Sid James isn’t a good Cockney pervert here. He’s ALWAYS a Cockney pervert. The entire cast is almost like an opposite to Timothy Dalton, because while Dalton stopped being Bond to avoid being type-cast, these guys have built their entire career on being typecast this film is SO STUPID!!! ARRRRGGGGHHHHH!!!!

Humour

What humour?

Well, have you ever seen a Carry On film? Congratulations are in order, for you can see into the future as to what this film classifies as humour. For those who haven’t, you are officially dead. However, if the picture below is any clue…


… get the main focus?

Yes, it’s double entendres, busty ladies, trombones going ‘waa, waa, waa waa waa, waa, waa’ whenever a teenager with a big bottom walks by and all things bawdy in general. American Pie based their humour on that entirely too, and they all (yes, all of them) suckled gonads, but at least they didn’t do it for 31 films. This is the 17th film, and, really, rather than being painful it’s just sad. While the not the festival of torture Carry On Dick was, this is clearly where the writers started running out of ideas, and considering how little ideas Carry On had normally, this is a damn poor attempt. Consider this fact; the most famous joke from this film is that Barbara Windsor’s bra flies off during a stretching exercise. I think they did something like that in Carry On Teacher, but the main difference is, of course, THAT FILM WASN’T SHIT!!!

Final Word

Whose idea was this?

I mean, why a camping holiday? Did we really need a film about Sid James going on a fucking holiday? How did this even get past the planning stages? THEY SHOULD’VE KILLED IT WHEN THEY HAD THE CHANCE! Even considering that this was a Carry On film, could somebody had noticed that nobody liked Carry On films at this point… and the worst thing is that this is considered the best of them. Because humanity is stupid. Seriously, it’s remembered because of one scene. ONE! SCENE! Would you like to guess? I mentioned it in the last paragraph. That’s right. Barbara Windsor getting her knockers out. Because who needs comedic timing, a plot that stays focused, clever writing and indeed a budget when you have breasts? I know the Internet didn’t exist before 1969, but there were the other Carry On films, and indeed real life women if you have half decent social skills, and they didn’t have Barbara Windsor’s bizarre laugh.

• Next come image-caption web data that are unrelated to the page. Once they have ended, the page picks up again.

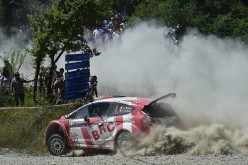 Podio e punti preziosi per BRC al San Marino Rally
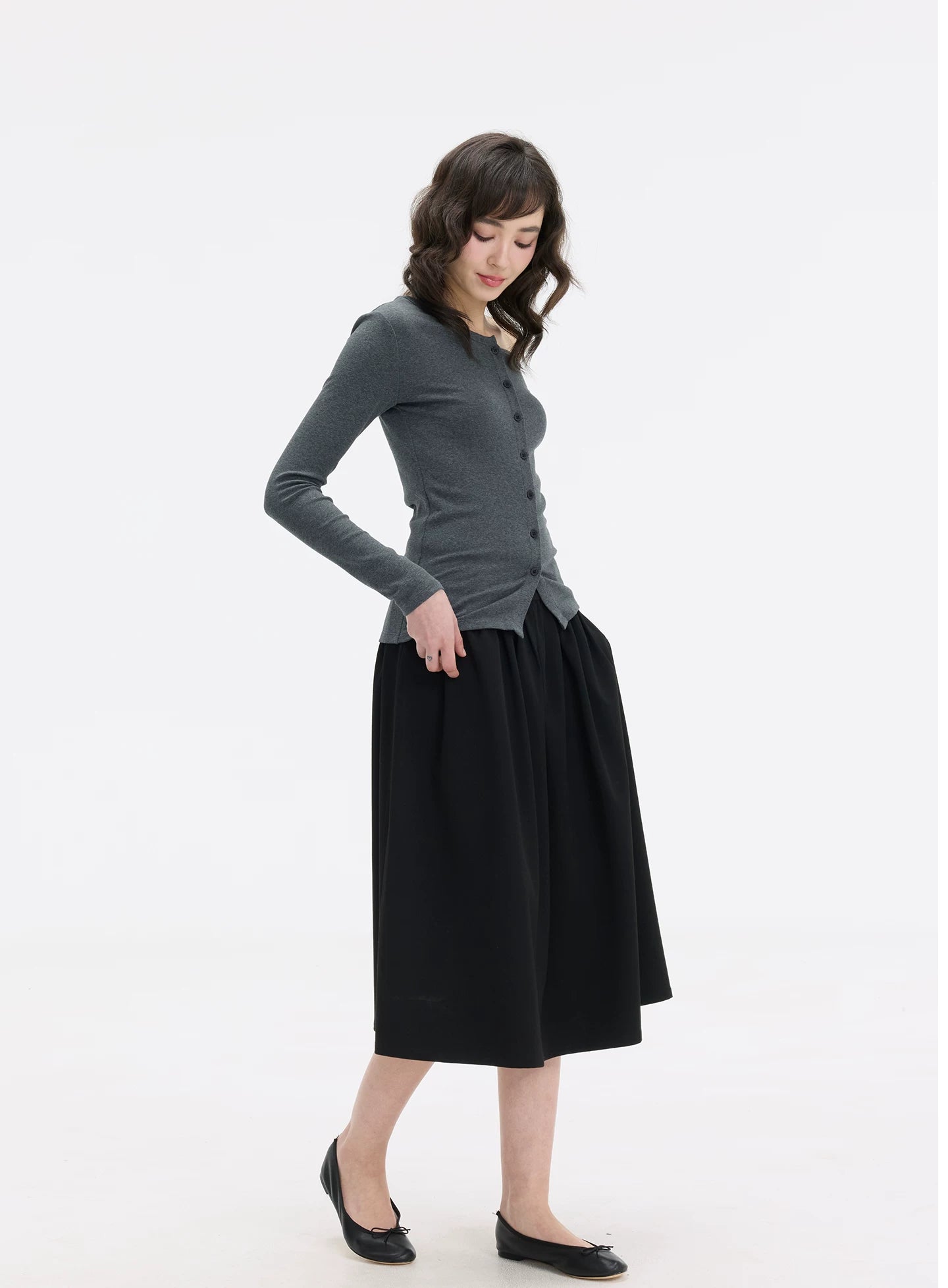 Veryrareme Pocket Temperament Skirt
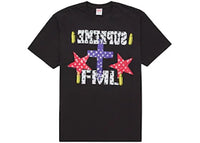 Supreme FML Tee Black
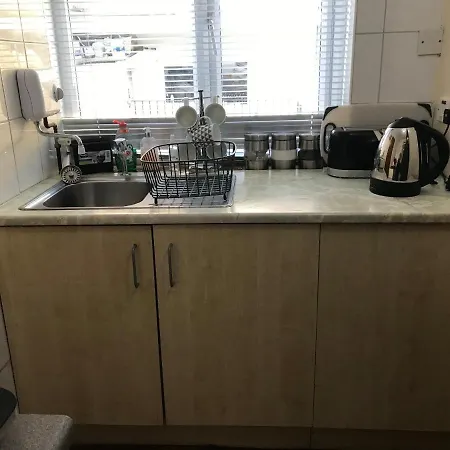 Apartment Bubblesbnb- Lovely 1 Bedroom Studio Flat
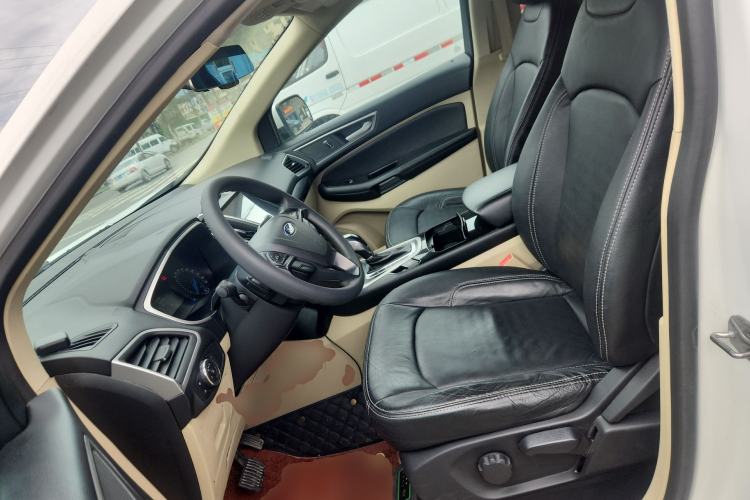 Used Ford Edge 2015 2.0T GTDi Two-Wheel-Drive Elite Edition
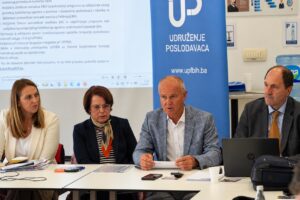 Poslodavci iz FBiH u Travniku: Privreda traži manje prepreka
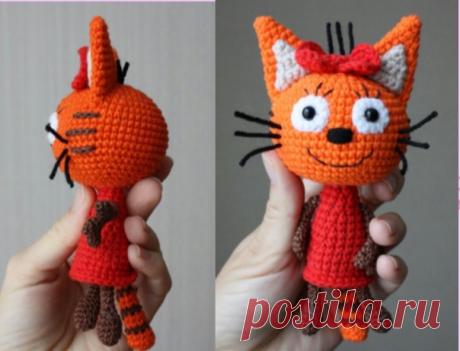 Милая Карамелька 

#схемаамигуруми #амигуруми #игрушкикрючком #магазинпряжи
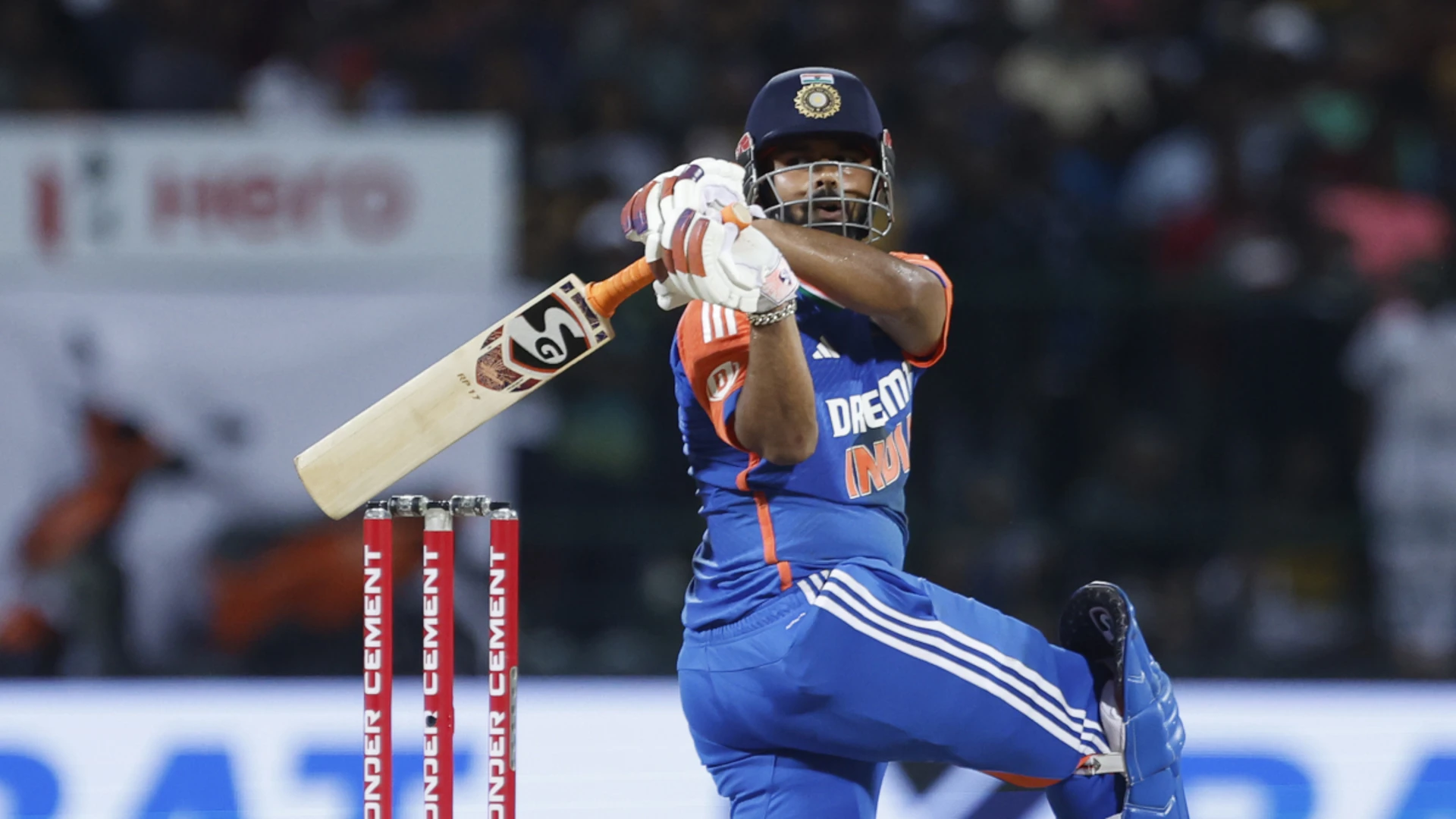 No Pant as India name T20 squad for Bangladesh series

This isn’t quite when the series went downhill, I would say. The series was tumbling in a downward spiral long before this film was made. I’d more say this was the point of no return. This is the capstone to the mess that was Carry On films, a last pitiable spasm of a dying horse, and to be honest watching said horse die slowly, pathetically, is beyond more entertaining than this film. So this week, go out and kill a horse and watch it die. THE END OF THE REVIEW! GO HOME!